I have a list of strings that are messy, and I want to find, for each one, its best match from a list of cleanly-formatted strings, which also contains metadata about each. The strings in the messy list are repeated randomly through the list (typically with alternative spellings of the string). The list of messy strings is so long that looping through fuzzywuzzy is not feasible.
I've been trying to use match_most_similar
from the string_grouper
library. When I apply the function using this code:
import pandas as pd
import numpy as np
from string_grouper import match_strings, match_most_similar, group_similar_strings, StringGrouper
new_strings = pd.Series(df['Cited'])
# Create all matches:
matches = match_most_similar(data['caseName'], new_strings)
# Display the results:
pd.DataFrame({'new_strings': new_strings, 'duplicates': matches})
the match_most_similar
function returns the original strings, rather than their matches from the clean list. (data['caseName']
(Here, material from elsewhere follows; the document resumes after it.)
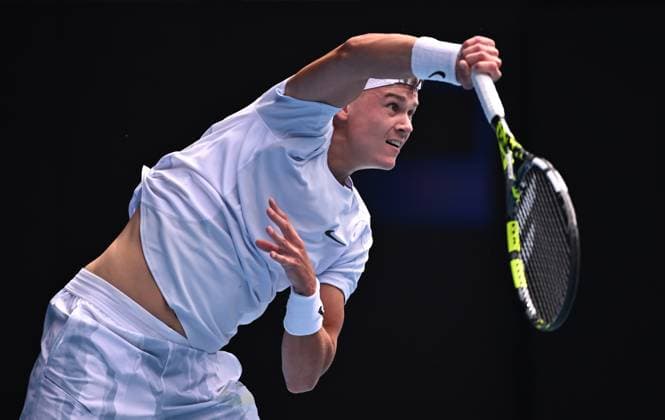 TENNIS AUSTRALIAN OPEN, Holger Rune of Denmark serves during his round 4 match against Jannik Sinner of Italy during the 2025 Australian Open at Melbourne Park in Melbourne, Monday, January 20, 2025. ( NO ARCHIVING, EDITORIAL USE ONLY, NO USE IN BOOKS WITHOUT CONSENT MELBOURNE VICTORIA AUSTRALIA  Copyright: xJAMESxROSSx 20250120159391312926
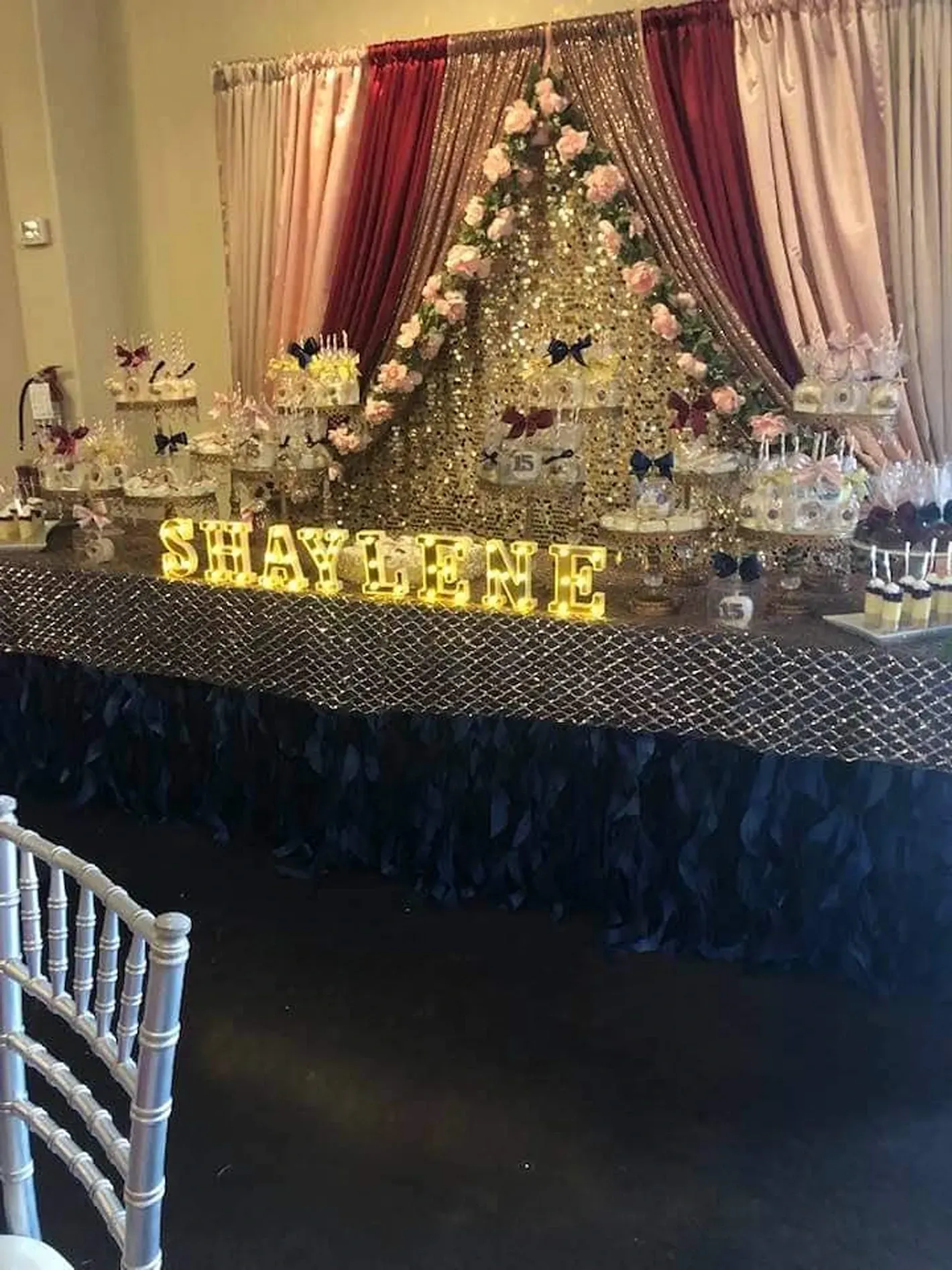 Decorated banquet table with flower backdrop, gold letters, and draped curtains for a celebration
is the clean list of strings.) Here is the output. None of what appears in duplicates
is from data['caseName']
.
pd.DataFrame({'new_strings': new_strings, 'duplicates': matches})
new_strings duplicates
0 Ashwander v. Tennessee Valley Authority,.txt Ashwander v. Tennessee Valley Authority,.txt
1 Bell v. Hood,.txt Bell v. Hood,.txt
2 Charles River Bridge v. Warren Bridge,.txt Charles River Bridge v. Warren Bridge,.txt
Does anyone know what I must be doing wrong?
For reference, new_strings
looks like this (I have limited it to just 3 elements for the post):
0 Ashwander v. Tennessee Valley Authority,.txt
1 Bell v. Hood,.txt
2 Charles River Bridge v. Warren Bridge,.txt
Name: Cited, dtype: object
and data['caseName']
looks like this:
data['caseName']
0 HALLIBURTON OIL WELL CEMENTING CO. v. WALKER e...
1 CLEVELAND v. UNITED STATES
2 CHAMPLIN REFINING CO. v. UNITED STATES ET AL.
3 UNITED STATES v. ALCEA BAND OF TILLAMOOKS ET AL.
4 UNITED STATES v. HOWARD P. FOLEY CO., INC.
...
9025 DEPARTMENT OF HOMELAND SECURITY v. THURAISSIGIAM
9026 SEILA LAW LLC v. CONSUMER FINANCIAL PROTECTION...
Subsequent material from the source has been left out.